Blood oxygen level dependent (BOLD) time series at rest, measured by functional magnetic resonance imaging (fMRI) at ultra-slow frequencies (<1 Hz), exhibit correlated activity between anatomically remote brain regions – known as functional connectivity (FC; Friston et al., 1996; Horwitz, 2003). Consistent patterns of FC have been observed and categorized into different resting-state networks (RSNs; Biswal et al., 1995; Greicius et al., 2003; Fox et al., 2005; Fox and Raichle, 2007) which constitute a powerful tool to investigate large-scale brain organization. Core RSNs include the default-mode network (DMN; Raichle et al., 2001; Buckner et al., 2008), salience network (SN; Seeley et al., 2007; Menon and Uddin, 2010), and central executive network (CEN; Seeley et al., 2007; Vincent et al., 2008). Alterations in FC patterns both within and between several networks have been implicated in a number of neurological disorders (Badhwar et al., 2017; Dong et al., 2018; Gürsel et al., 2018) – including MDD (Greicius et al., 2007; Sheline et al., 2009; Veer et al., 2010; Menon, 2011; Northoff et al., 2011; Zeng et al., 2012b; Manoliu et al., 2013; Belleau et al., 2015). Although resting-state FC alterations in MDD have been thoroughly reviewed (Wang et al., 2012; Dutta et al., 2014; Dichter et al., 2015; Mulders et al., 2015) and several meta-analyses have been performed (Kaiser et al., 2015; Zhong et al., 2016), most studies that reported FC alterations operate on specific assumptions and methodological constraints, which in this study we aim to extend in a twofold manner.

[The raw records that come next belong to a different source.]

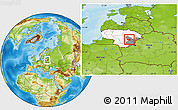Physical Location Map of Sirvinty, highlighted country, highlighted parent region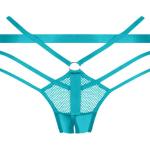 Blaue Sexy Hunkemöller Slips Ouvert aus Polyamid für Damen Größe XL 
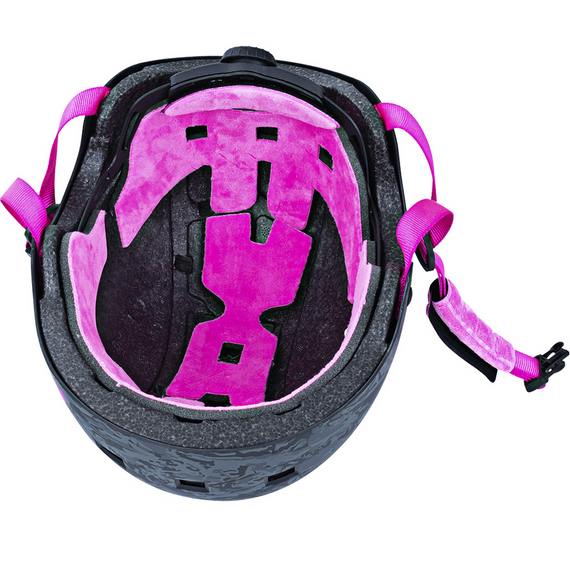 NKX Brain Saver BCP Skateboardová přilba černo-růžová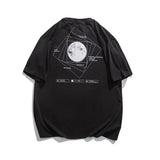 Geometric Print Techwear Punk Style T-Shirt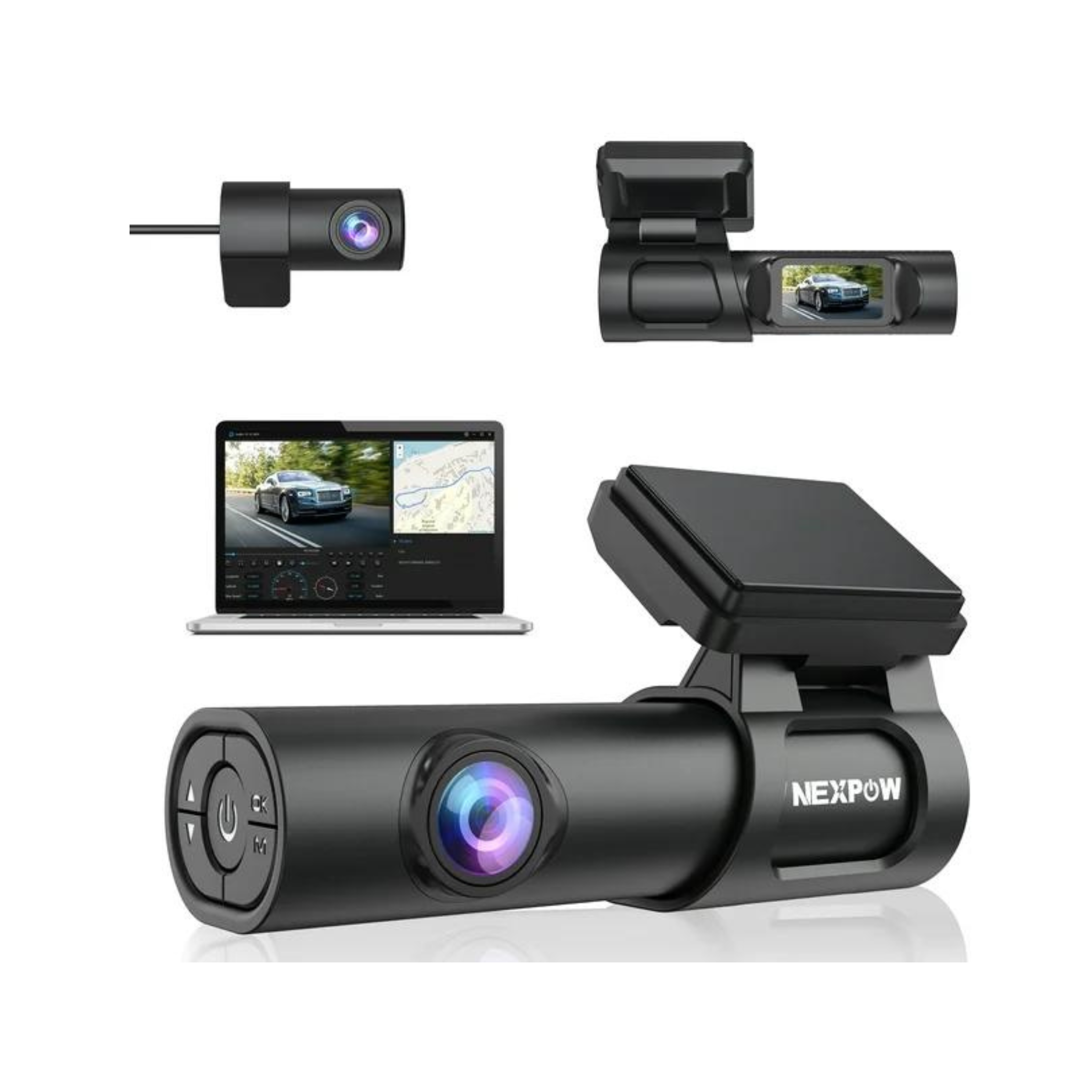 4K Dash Cam With GPS Tracking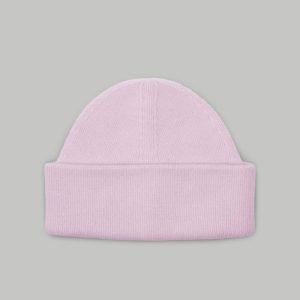Alternative view of The Felted Merino Beanie | Light Lilac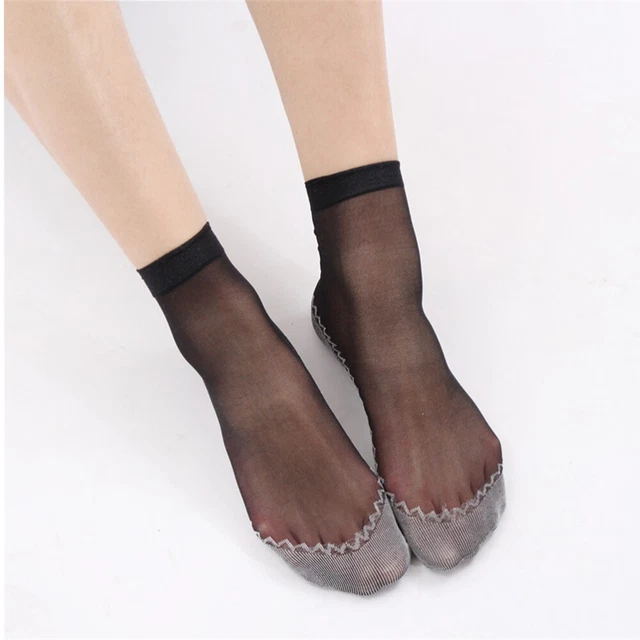 20 Pairs Smooth Ankle Socks Womens Short Socks Cotton Bottom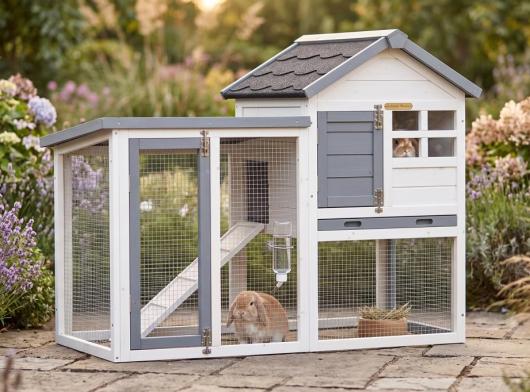 Advance Rabbit Hutch with Covered Run 122x62x93cm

Firstly, previous studies mostly derive FC patterns from data that were band-pass filtered beforehand, mainly focusing on the conventional low-frequency range of 0.01–0.1 Hz (Biswal et al., 1995; Lowe et al., 1998; Cordes et al., 2001; Cordes et al., 2002; Greicius et al., 2003; Fox and Raichle, 2007). Such approach limits observations on BOLD fluctuations to a narrow frequency range and putatively overlooks important information about higher frequency bands. Recent studies on spectral properties of RSN BOLD fluctuations show that spatial patterns of characteristic networks can be detected at multiple frequency bands, including high frequencies up to 0.25 Hz or even 0.75 Hz (Niazy et al., 2011; Van Oort et al., 2012; Boubela et al., 2013; Gohel and Biswal, 2015). Thus, meaningful information of neural origin can be obtained from a broader frequency range of BOLD fluctuations than previously assumed, given the signal from non-neural sources is correctly accounted for.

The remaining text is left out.